Sunday, October 24, 2010

Buat Naik Haji :D



Hari ini, setelah pulang dari nikahan Rahmi--teman satu angkatan kami--di TMII, saya dan Nulur jalan-jalan. Tapi, karena hujan dan juga males kejebak macet, jadilah kami jalan-jalan ke Margo City--hehe, selemparan batu dari kosan saya. :)

Pas masuk, kami melihat deretan stand peserta bazar baju-baju lucu. "Eh, Lur, liat gelang dulu, ya," ucap saya sambil menarik tangan Nulur ke stand kalung dan gelang-gelang cakep. ^^ Gelang-gelangnya lucu banget. Dan, jadi kepikiran beli banyak di Yogya. Soalnya, kata Gita yang abis honey moon (uhuy ;p) di Yogya, gelang kayak gitu cuma delapan ribu.

Sementara itu, di sini dijual 25-an yang polos dan 35-an yang ada ukirannya. :( Akhirnya, saya beli gelang kecil-kecil dua biji--sambil mikir bahwa di kosan, masih banyak gelang dan kalung saya yang belum sempat dipakai (stop beli gelang dan kalung, dan cincin, dan tas) ;((.

Harga dua gelang kayu kecil itu cukup murah, 15 ribu dua. :D Nulur tadinya mau ikutan beli, tapi nggak jadi karena, ngg, tadi kenapa yang Nulur ga jadi? Lupaaa. Sebenernya, saya beli juga karena udah kelamaan diri di situ dan pake nanya semua harga yang ada di sana pula. Hehe. Tapi, harga-harganya cukup murah di stand itu. Dan, desain kalung dan gelangnya unik-unik.


Lalu, di sebelah tukang gelang, ada stand baju batik. "Eh, gue pengen tuh baju kebaya encim gitu," kata Nulur. Lalu, jadilah kami mampir di sana. Dan, ahay! ada baju-baju panjang yang motifnya lucu-lucu. "Seratus ribuan," kata si Abang. Wah, lumayan juga. Lalu, sibuklah saya memilih-milih. Dan, dapat satu motif yang lucu, yang kali pertama saya lihat.

"Iya, itu lucu, Wied. Pegangin aja dulu," saran Nulur. "Gue juga mau, ah." Nulur ikut memilih-milih motif baju panjang setali dengan karet di bagian dada itu. "Muat nggak ya ama gue?" tanya Nulur.

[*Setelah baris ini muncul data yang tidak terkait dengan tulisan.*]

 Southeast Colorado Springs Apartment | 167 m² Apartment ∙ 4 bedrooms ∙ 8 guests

"Muat," jawab saya asal sambil masih mencari pilihan lain--kali-kali aja ada yang lebih menarik. Dan, uh, nggak nemu. Pilihan pertama memang selalu bikin kita nggak bisa ke lain hati. Hehe. ;)

Karena mau beli dua, saya tawarlah baju itu. "Lapan puluh aja, ya, Bang, satunya...."

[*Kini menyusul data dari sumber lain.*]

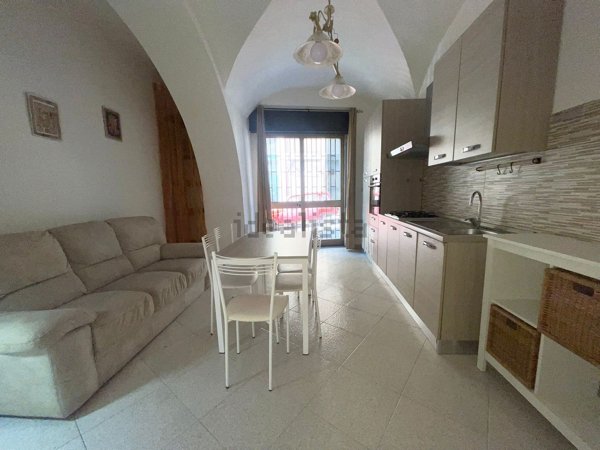 appartamento in vendita ad Acireale in zona Centro Storico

Namun, sampai detik terakhir si Abang nggak mau kurang. Ya udahlah, pikir saya dan Nulur. Cukup sepadan kayaknya dengan harganya.

"Eh, boleh dicoba nggak, Bang?" tanya saya terinspirasi dari ibu-ibu yang dari tadi sibuk nyobain baju yang lain, yang langsung didobel dengan bajunya.

Saat si abang bilang iya, saya langsung minta Nulur megangin tas. Dan, berkali-kali berusaha, ternyata, bajunya nggak muat bow! Lengan saya yang sebelah lagi nggak bisa masuk-masuk. Si Abang juga udah nyaranin buat manjangin tali bahunya. Tapi, tetap nggak bisa. Dan, ah, saya menyerah.

"Cari yang lebih agak gede aja," kata si Abang. Saya dan Nulur jadi enggan. Itu buat ukuran orang sekecil apa ya? Saya pikir, saya cukup kecil dengan berat 40-41 kg ini.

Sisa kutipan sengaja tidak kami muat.